Father Joe Wheat: 'You talk to 50 young people who would refer to themselves as Catholic and you'll get 50 different versions of catholicism - which is brilliant: I think it's fantastic, actually. I think young people are happy to refer to themselves as being part of the Catholic Church; when push comes to shove, they will refer to themselves as Catholic; a lot of their life as a Catholic is not exactly pick and mix, or pick and choose, but there would be a certain distance with some of them from what you might say is the traditional way of being a Catholic. So, for example, young people who say 'I am a catholic' might go to their local parish a couple of times a year, or for granny's funeral or their niece's baptism or whatever, but they wouldn't be there every Sunday and that wouldn't be seen particularly as much of an issue for them.
Dowd: 'A lot of students we spoke to mentioned contraception, aborton, homosexuality - can they, in your view, maintain views that are contrary to Church Teaching but still call themselves good Catholics?
Father Joe Wheat: 'It depends on what your measure of good catholic is, when you say 'good catholic.'
Dowd: 'What's your measure?'
Father Joe Wheat: (laughs) 'I don't have one, erm, I try not to make value judgments about people's catholicism because I don't want them making value judgments about mine. If young people are grappling and struggling with issues, and they are asking questions and exploring them, then that is what I would expect of Catholics young and old; that if you've got a young person that's struggling with an aspect of Church Teaching then the worst thing to do is to say, well, you believe that or your out, or your not a good catholic as the next person who happens to be able to accept that and believe it quite easily. It is very dangerous to do that because otherwise there'll be very empty churches.
Among the various impressions made upon me by these interviews was the absolute insouciance, ignorance and indifference of the students.

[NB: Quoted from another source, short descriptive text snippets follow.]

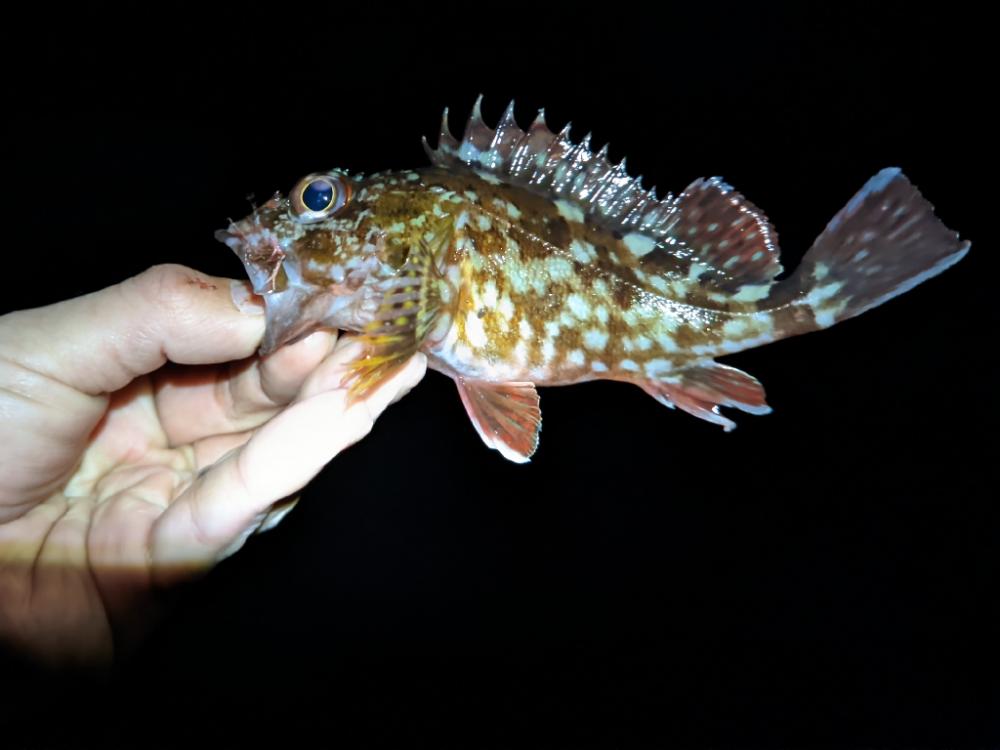 風が強い日はだめ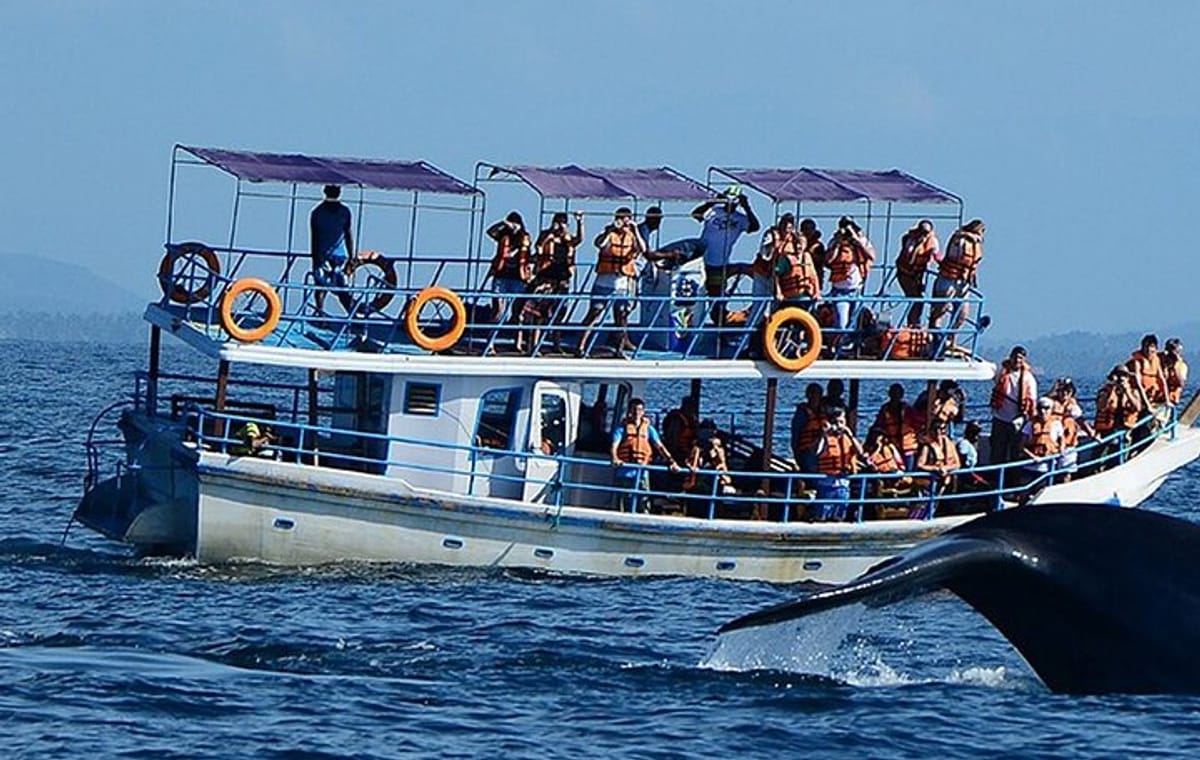 Mirissa Whale Watching Tour From Galle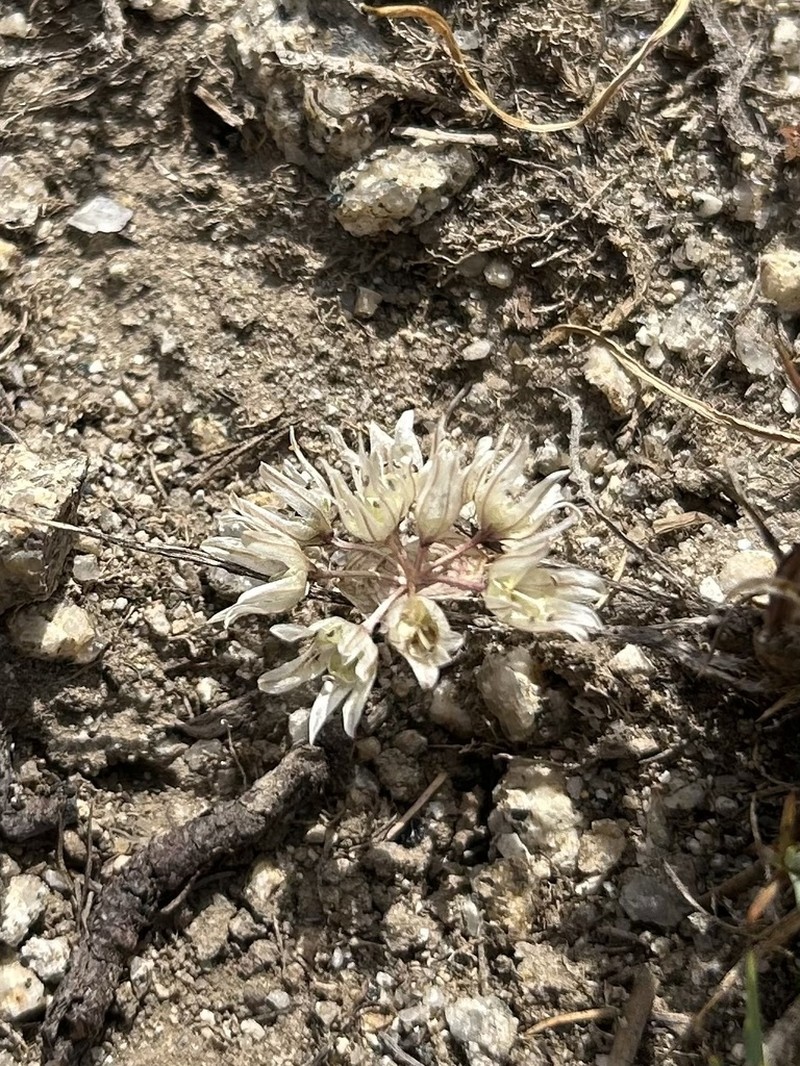 Simil Onion photo 3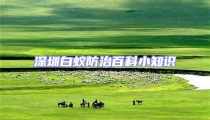 深圳白蟻防治百科小知識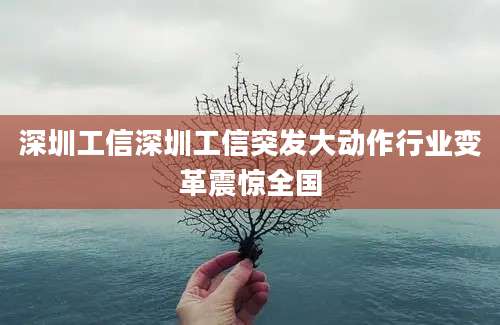 深圳工信深圳工信突发大动作行业变革震惊全国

It was quite apparent that while they knew that there was something controversial about contraception, abortion, homosexuality and same sex marriages, they did not know what the real nature of the controversy was. For the First Student, the view that there was something wrong with these things was, quite simply, outdated, and if the Pope held that view, then he didn't understand that 'we' were living in the 21st Century. As for the Second Student, he, approved the social doctrines of the Church, but didn't care for those that restricted personal liberty in sexual matters. He thought the 'good thing' about catholicism was that you could choose to 'believe in some bits and not in others', as long as you worshipped God.
Equally astonishing was the insouciance, evasiveness, special pleading, and self-declared relativism of Father Joe.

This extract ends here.